Normally I get single origin bars 70-88% but I'm giving a reprieve to my daily recipients and going for some fun and easy stuff- classic blends of fruit and nut,  chili peppers, coffee, cacao nibs, as well as new exotic mixes of coconut and curry,  and even a salt and pepper chocolate bar.  That's what most people like- not the uber dark bars with subtle and complex flavors that you have to scrunch your face to enjoy- but stuff you pop in your mouth for instant gratification. 


  1. My dad has taken to eating 100% cacao bars after workouts. Eep! Too bitter!

    1. Nick-

      Those bars can give a serious buzz so I imagine eating one before a workout would make more sense. It's definitely a masculine kind of thing to do.

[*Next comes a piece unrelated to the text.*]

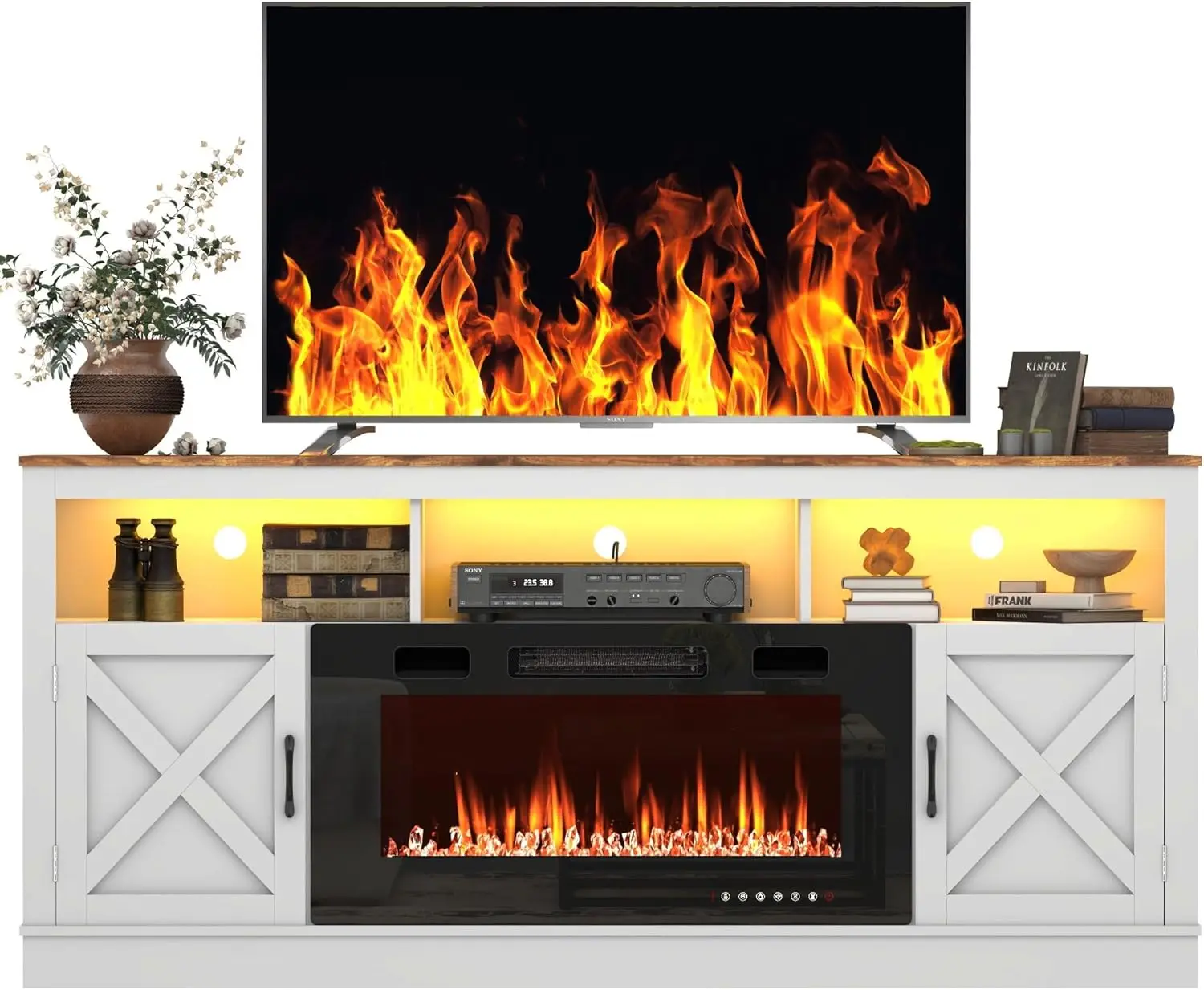 Farmhouse Fireplace TV Stand for 70/75/80 Inch TV, 32”Tall Entertainment Center  LED Light, 70”Media Console , White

    2. I believe he eats them post-workout due to a paper he read in which rats fed chocolate extract after running showed signs of higher aerobic capacity due more efficient use of oxygen carrying by blood or something to that effect; caffeine in the chocolate may be part of it, but I think it has to do more with the intrinsic *whole* qualities of the chocolate rather than any specific compound, as is usually the case..
      Actually, there's a whole field of literature devoted to what you eat in the minutes or hours following high aerobic capacity and how this helps or hinders your body's efficiency and future aerobic capacity--it's not just before the workout, it's the total window surrounding that elevated stress/aerobic level.
      I am also an amateur chocolate connoisseur (much less than you, though) and also tend to find these sorts of medical associations interesting, as I studied biology and read a good number of papers on such stuff in the past, but going for 100% cacao just by virtue of a study, without regard to taste..that's an engineer for you.

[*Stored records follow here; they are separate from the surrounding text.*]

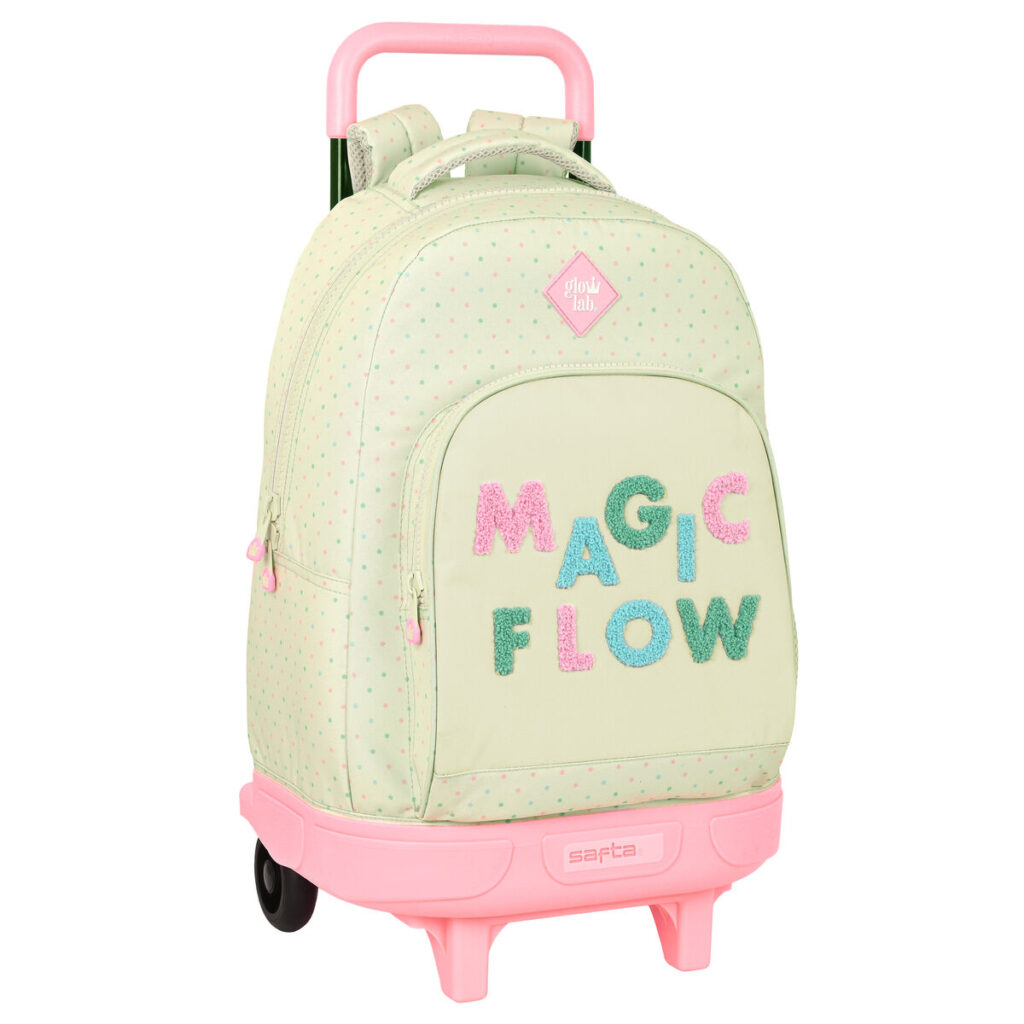 Σχολική Τσάντα με Ρόδες Glow Lab Magic flow Μπεζ 33 X 45 X 22 cm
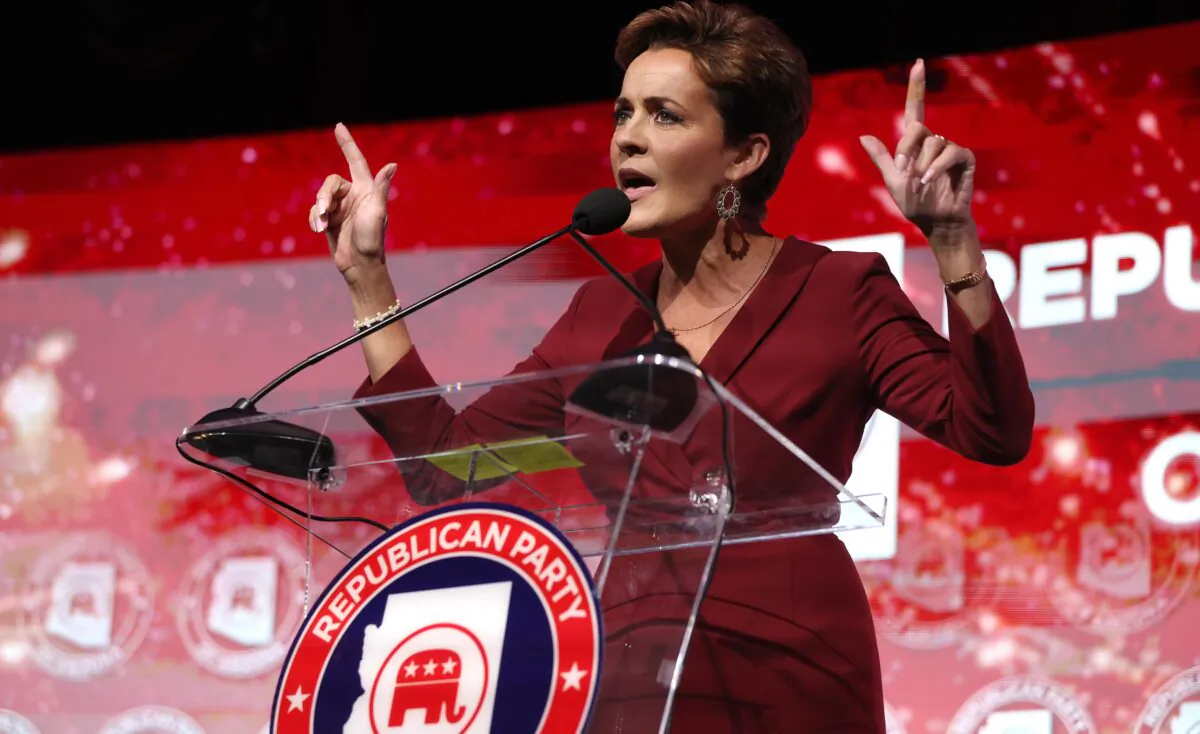Arizona Republican gubernatorial nominee Kari Lake during her election night event at The Scottsdale Resort at McCormick Ranch in Scottsdale, Ariz., on Nov. 8, 2022. (Justin Sullivan/Getty Images)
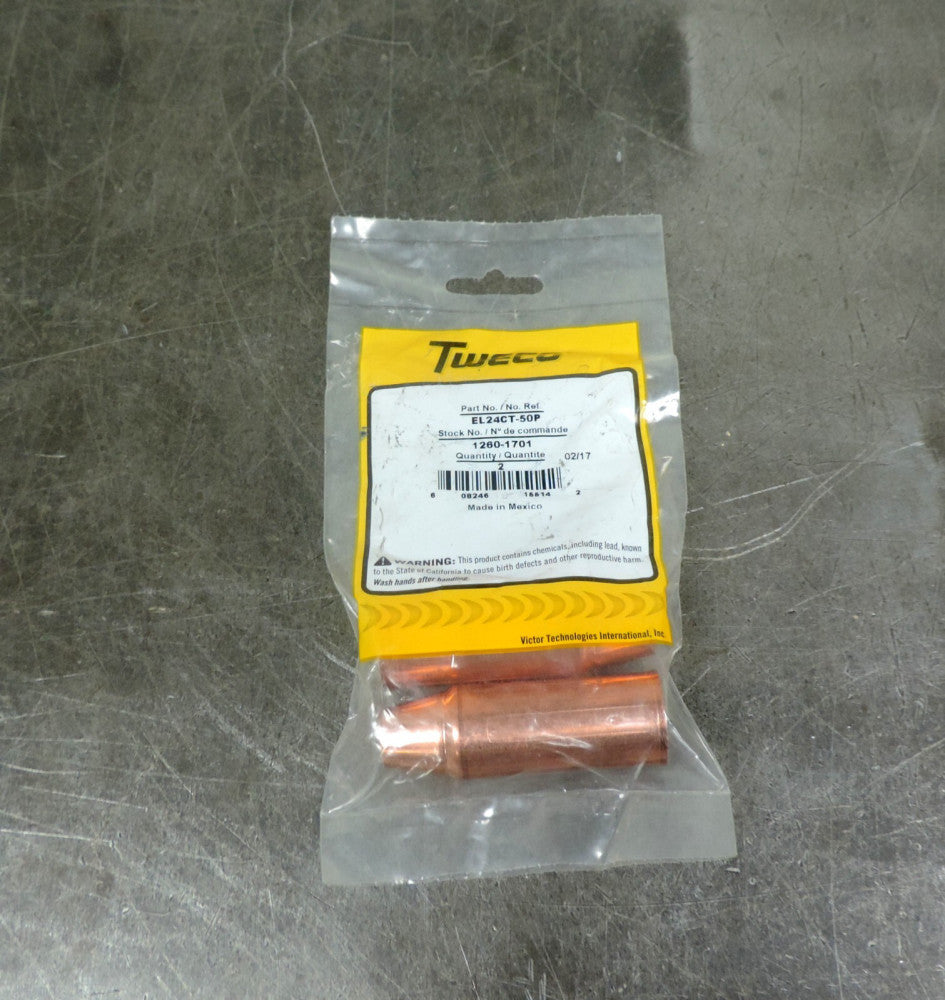 Tweco Mig Welding Nozzle 1/2" Bore EL24CT-50P  1260-1701 Lot of (2)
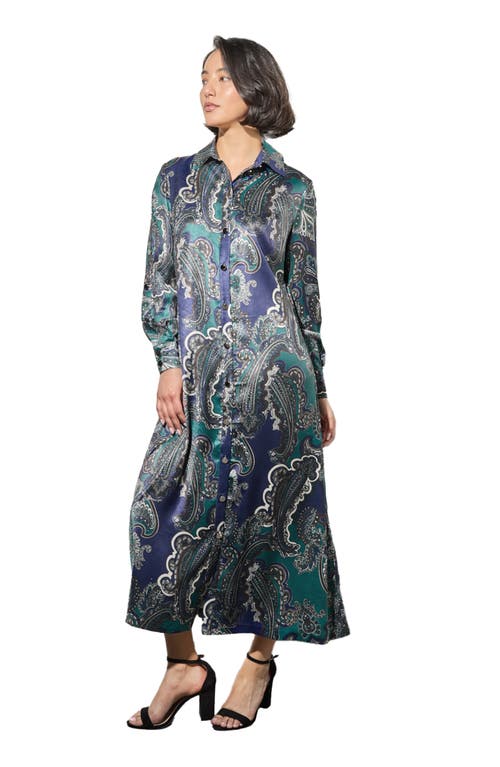 Shop Ming Wang Paisley Print Tie Belt Long Sleeve Charmeuse Midi Shirtdress In Forest Multi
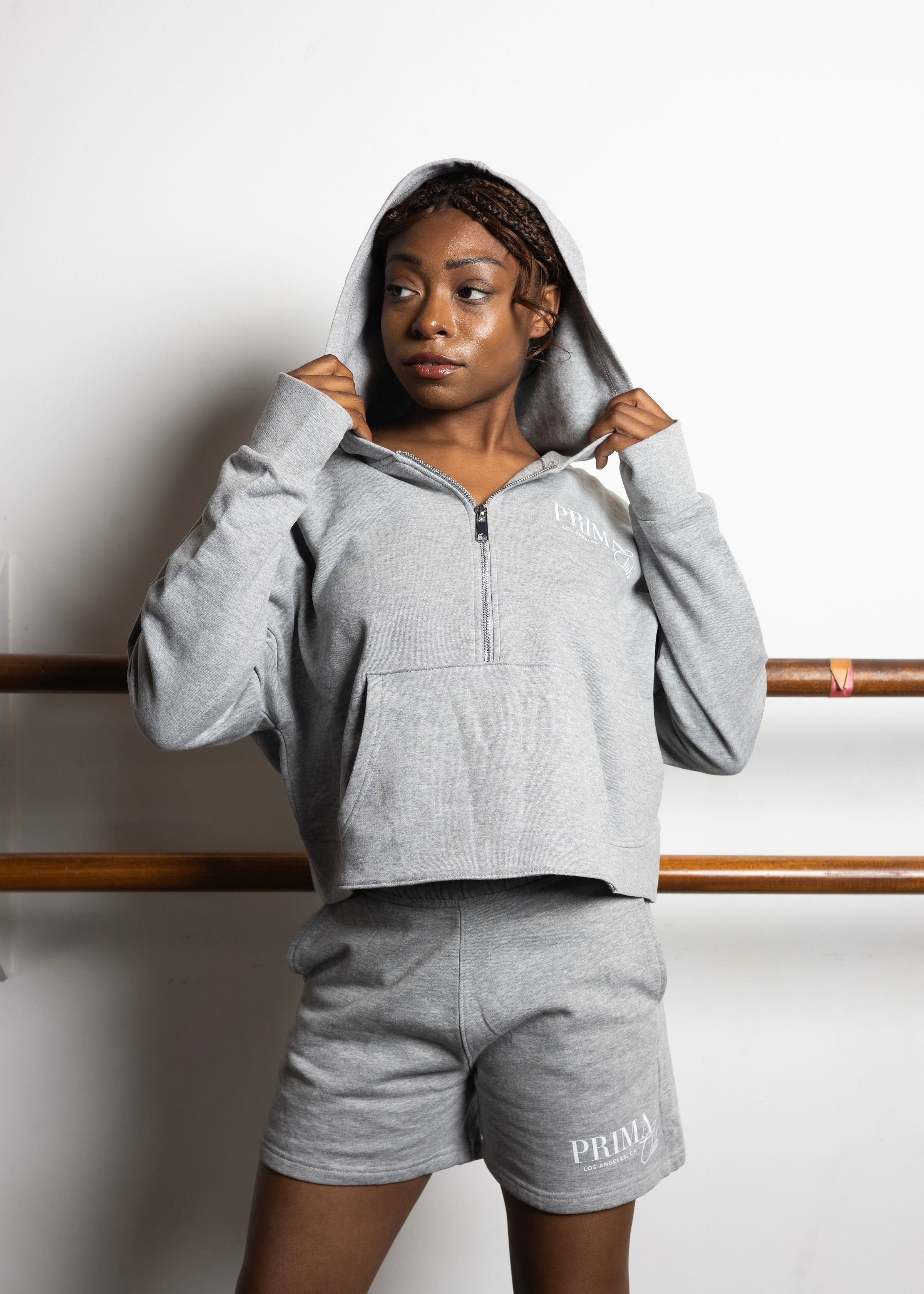 grey cropped zipup sweatshirt – The Prima Club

  2. Hster, I would not be worried about not being able to enjoy young sheng too often. Focus upon the teas that you enjoy the most that agree with you. Too often there is a sense of sheng snobbery that often treats shu as being less than a real puerh in my experience so don't feel any less than true puerh connoisseurship as you put it. Also I found from experience that if one takes a few months off without having any young sheng that it is possible to get away with having sheng a 2-3 times a month especially during hot weather. Just be careful about not overdoing it, but when it gets to the point of starting to hurt you again it is time to take another few month break away from young sheng. Personally that is why I focus mainly upon shu as I like to be able to drink my teas as much as I want and as often as I want.

  3. Dear John,

    Even without sheng snobbery, I really really do want to drink young sheng because that's what got me into pu-erh and I miss the dynamic flavors. But most importantly I cannot grow my sheng collection or increase understanding of my palate without sheng tasting. But you are entirely right in all your points. I just cannot seem to grow on shu. (I try very hard...)

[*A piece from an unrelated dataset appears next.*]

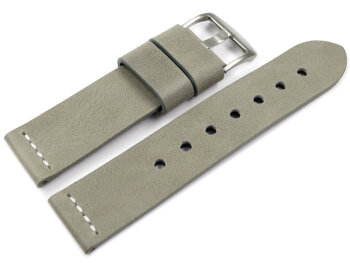 Watch strap - Genuine saddle leather - Ranger - gray 18mm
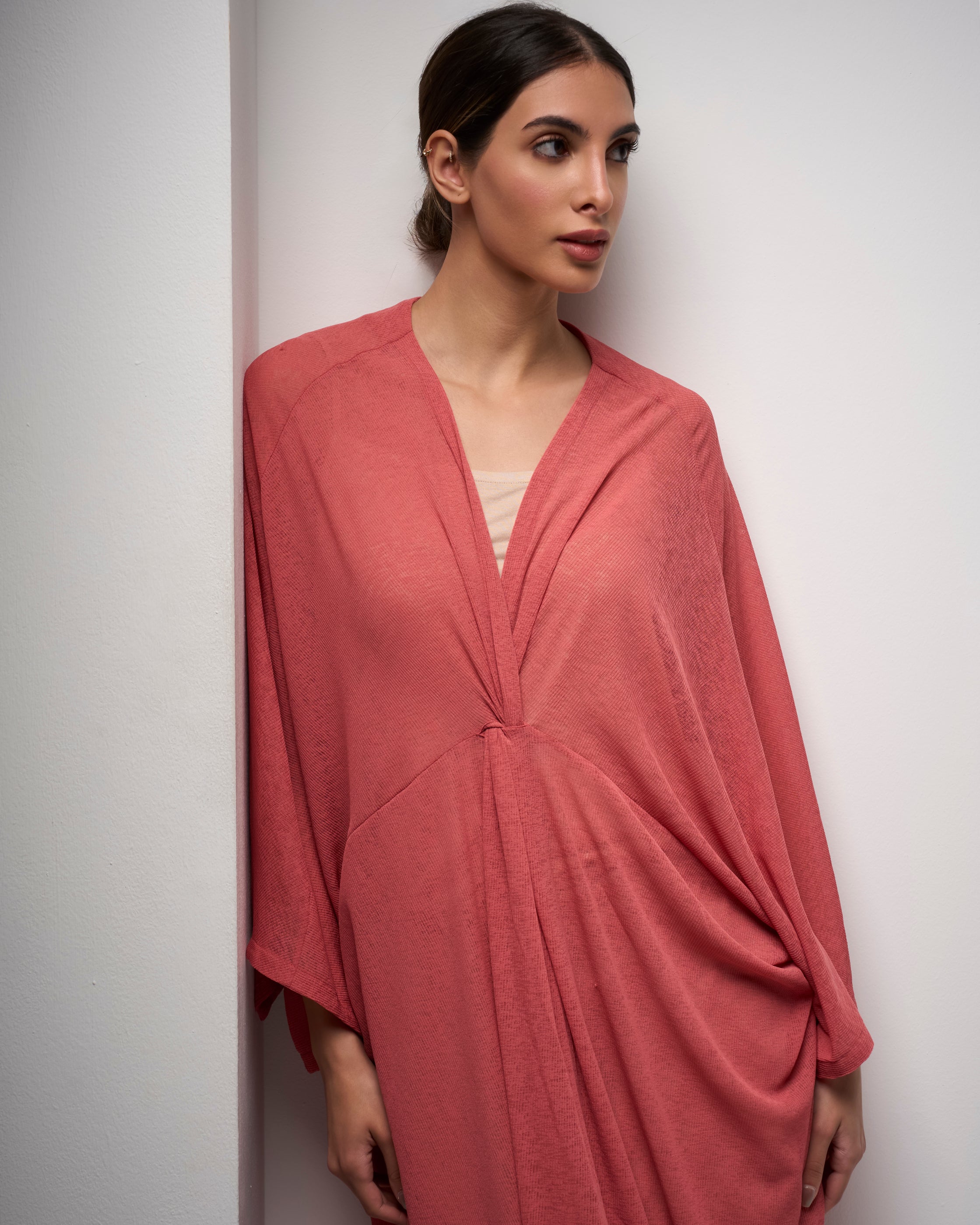 VNECK DRAPE DRESS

    1. Hster, Sorry to hear about it being young sheng puerh that got you into puerh and that being what you love the most. For me it was cheap shu puerh that got me into puerh. If it helps at all I've found that the 2009 Xiaguan Eco Wild tuocha is a very mild on the stomach yet the strongest Qi that I have ever encountered in a puerh. Maybe that is one that you might be able to handle more often like I am able to. If you would like I would be willing to send a sample of what I have as part of a trade.